Lina María Ochoa Venegas

Promotors: prof.dr. J.J. Vinju (TU/e) and prof.dr. M.G.J. van den Brand (TU/e)
Co-promotor: dr. T.F. Degueule (Université de Bordeaux, CNRS, LaBRI)
Eindhoven University of Technology
Date: 29 March, 2023
Thesis: PDF

Summary

Software seldom lives in isolation. Instead, projects dwell in software ecosystems where they depend on each other to favour reuse. Software projects have a dual role: (i) the library role when exposing a set of services to other projects, and; (ii) the client role when depending on other libraries to leverage their functionality.

As time passes, library developers introduce changes to include functional and extra-functional enhancements. Although changes aim at increasing the library’s value, they might propagate to client projects resulting in broken code. Versioning schemes—such as semantic versioning—are often used to communicate the nature of introduced changes namely, changes that potentially break (or not) client code. Nevertheless, library developers still face a dilemma: whether to introduce changes at the cost of increasing the technical lag on their clients or even losing them; or avoid change at the cost of increasing technical debt. This thesis states that breaking changes are not harmful by themselves. However, their impact should be first assessed, so developers can make informed decisions on their introduction and subsequent coping strategies.

In this thesis, we address the library-client co-evolution problem from the nounal and the verbal views. On the one hand, the nounal view allows us to empirically understand the nature of the library-client co-evolution phenomenon.
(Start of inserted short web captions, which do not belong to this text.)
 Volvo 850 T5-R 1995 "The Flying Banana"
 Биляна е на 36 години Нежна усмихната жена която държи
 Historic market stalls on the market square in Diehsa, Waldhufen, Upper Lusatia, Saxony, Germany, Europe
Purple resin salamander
In particular, we study (i) best practices to define dependencies as a way of preventing the propagation of breaking changes, and; (ii) syntactic breaking changes and their impact on client projects in relation with semantic versioning.

On the other hand, the verbal view encourages us to provide new processes, methods, and tools that can better support the library-client co-evolution process. Concretely, we introduce (i) the static impact analysis approach to detect breaking changes introduction and their impact on client code, and; (ii) the static reverse dependency compatibility testing approach to perform static impact analysis as part of a pull-based development workflow. The former is implemented in Maracas, a static analysis tool for Java projects, and the latter is implemented in BreakBot, a GitHub bot that assists library evolution.
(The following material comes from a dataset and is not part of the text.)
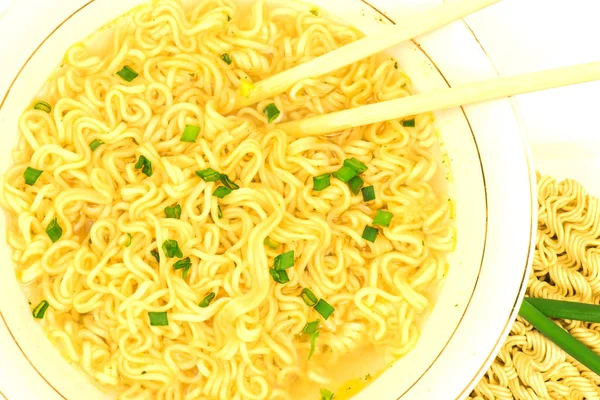 Makro Zobrazení Fastfood Polívku Zelenou Cibuli Hůlky Surového Ramen Instantní — Stock fotografie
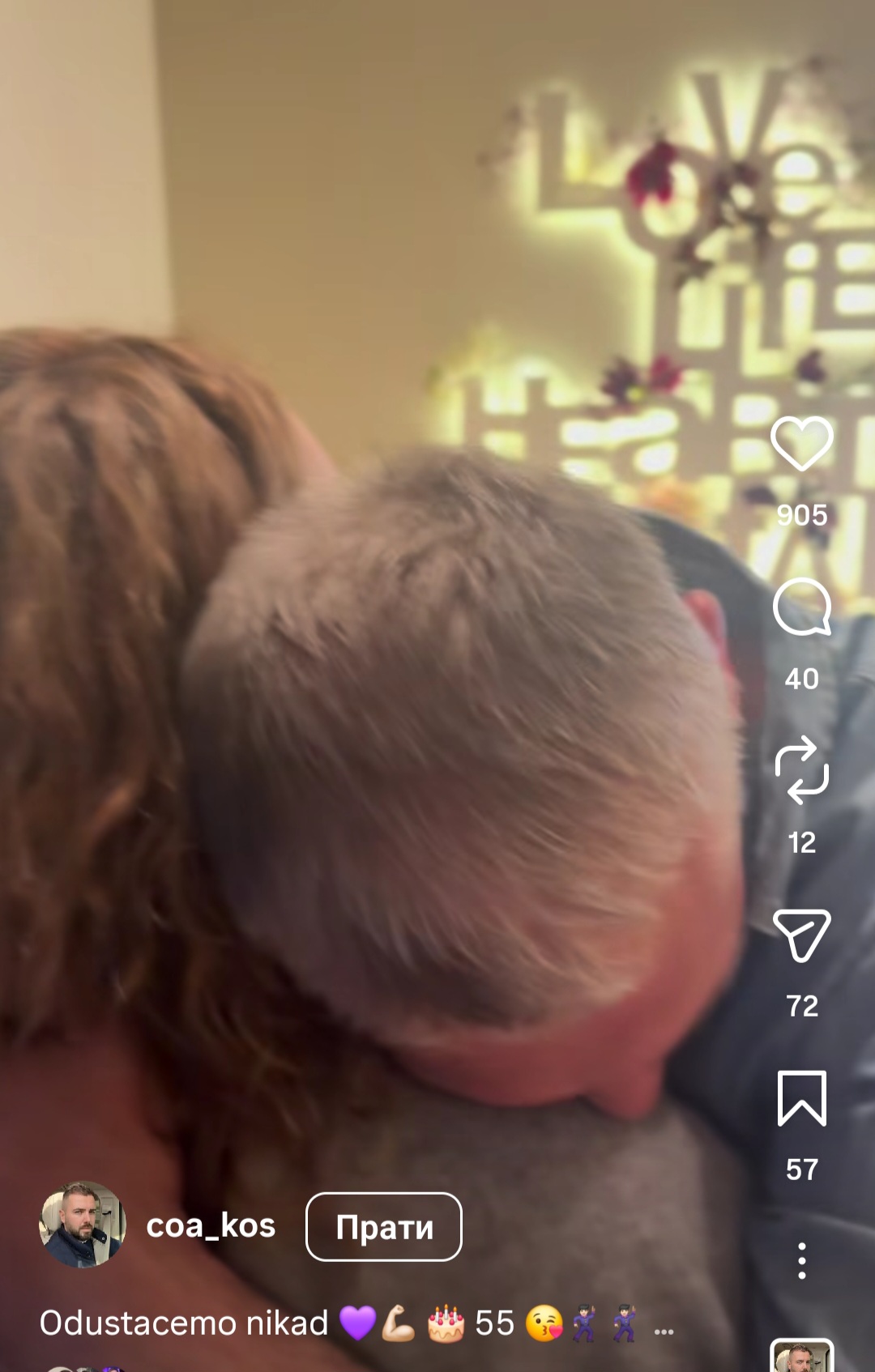 Ana Bekuta upala Čedi Jovanoviću u stan sa tortom: Zbog jednog detalja na rođendanu svi prasnuli u smeh (VIDEO) 8 Screenshot 20260414 092655 Instagram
As the main conclusions of the thesis, we find that: (i) Practitioners do not widely follow best practices when defining dependencies. (ii) Libraries tend to comply with semantic versioning when introducing syntactic breaking changes; the adherence to such scheme has increased over time, and; only a few clients are impacted by these changes. (iii) Tooling to support software evolution is accurate, applicable, and relevant for pull-based development workflows.